I recently read an article over on BGIO about “Welcoming Ritual Into Your Life”. It really got me thinking that besides having a consistent place or hobby for everyday enjoyment – I needed a space to just be still. Yesterday, I took a moment to myself after laying my son down for his nap. Turned on my Spotify app and played the new Janelle Monae and Jidenna track…. Yoga.
I sat on the floor and just took in the lyrics. I needed to center myself…. Re-charge. So I pulled out my yoga mat that I hadn’t used EVER – it had been in my closet for over a year lol.
Took a small area in my bedroom – I didn’t get into trying any fancy downward dogs or anything but I did just sit there and sat quietly. Eyes closed… Heart open. I needed to release.
I know I have the power to change many things in my life. My first move was making great use of the word “NO”. That alone has given me great control. If I don’t want to do something, I know I don’t have to compromise myself to if I choose not to.

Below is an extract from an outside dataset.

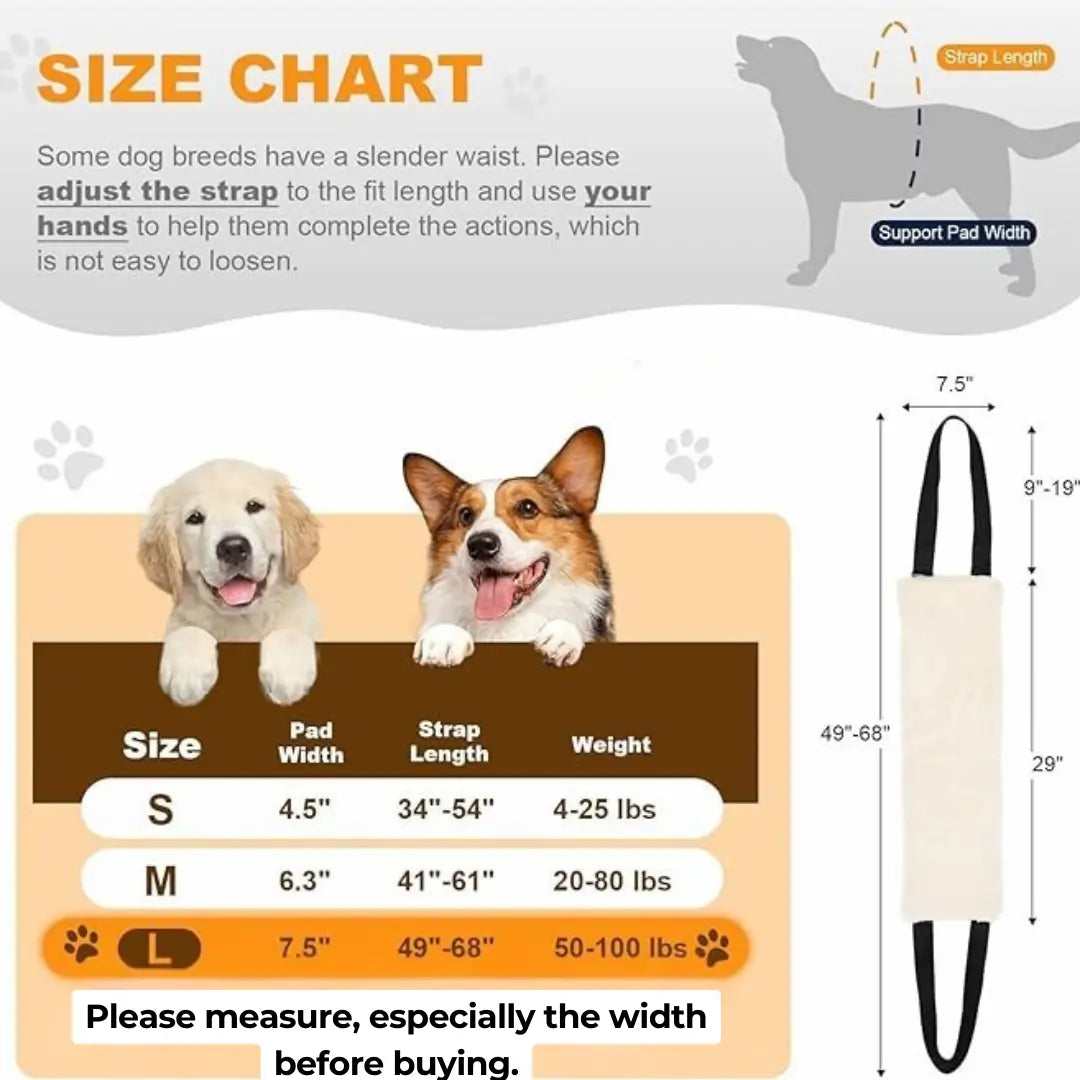 Dog Lifting Sling for Mobility Support Wag Wize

I held a mental conversation with myself – as I do many times throughout the day. I was able to reflect further into my thoughts. I shared emotional prayers and my honest fears with my conscience. I cried… something I’ve been doing a lot lately because I usually keep everything bottled in.
I have the power to let go when I CHOOSE to let go for me and not anyone else.
I have the power to control how I live the rest of my life.
I have the power to speak freely and openly the truth with honest intention.
I have the power to feel hurt and allow that pain to create a blueprint to my road of healing and immense happiness.I can honestly say I spent an hour alone in that same position and rising from the floor feeling like I accomplished something. I’m learning daily and being able to give myself permission to feel, love, and express things the way I do really creates a great synergy for me. I forgave myself again.
Do you ever take the time to “be still”?